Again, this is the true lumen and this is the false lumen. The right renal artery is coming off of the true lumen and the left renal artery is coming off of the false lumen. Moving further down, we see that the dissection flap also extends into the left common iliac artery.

══════════

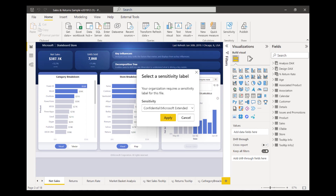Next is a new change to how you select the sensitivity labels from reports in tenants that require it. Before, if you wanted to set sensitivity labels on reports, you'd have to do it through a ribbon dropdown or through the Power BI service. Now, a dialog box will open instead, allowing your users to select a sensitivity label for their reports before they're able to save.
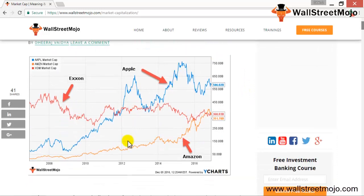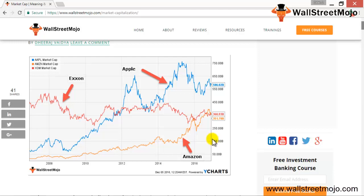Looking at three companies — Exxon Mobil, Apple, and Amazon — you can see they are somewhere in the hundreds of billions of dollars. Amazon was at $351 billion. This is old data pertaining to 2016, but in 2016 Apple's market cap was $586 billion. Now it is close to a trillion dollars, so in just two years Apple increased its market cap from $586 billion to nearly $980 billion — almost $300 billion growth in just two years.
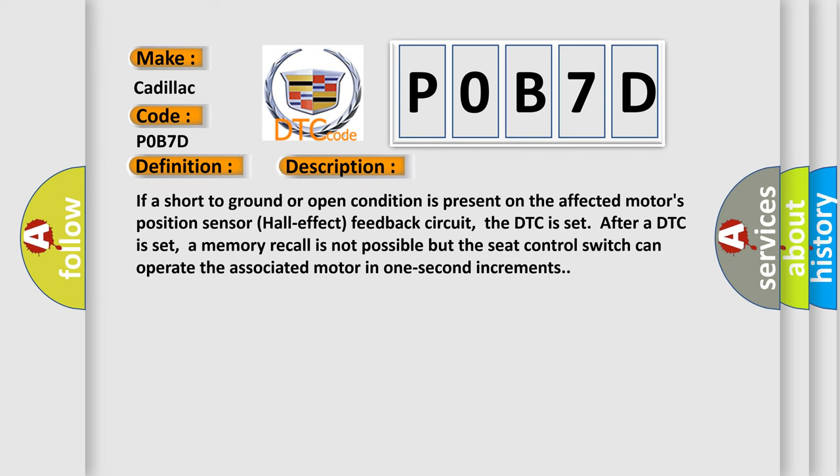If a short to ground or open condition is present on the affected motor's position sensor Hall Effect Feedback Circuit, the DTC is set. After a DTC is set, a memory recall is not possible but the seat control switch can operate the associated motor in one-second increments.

══════════

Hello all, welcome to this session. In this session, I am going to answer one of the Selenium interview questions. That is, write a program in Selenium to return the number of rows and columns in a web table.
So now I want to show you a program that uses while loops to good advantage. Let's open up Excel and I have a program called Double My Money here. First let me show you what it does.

══════════

What needs to be done
Copy exactly the stretch of data above from the line with "Hello all, welcome" through the line with "So now I want", and omit all other lines.

Output for this task
Hello all, welcome to this session. In this session, I am going to answer one of the Selenium interview questions. That is, write a program in Selenium to return the number of rows and columns in a web table.
So now I want to show you a program that uses while loops to good advantage. Let's open up Excel and I have a program called Double My Money here. First let me show you what it does.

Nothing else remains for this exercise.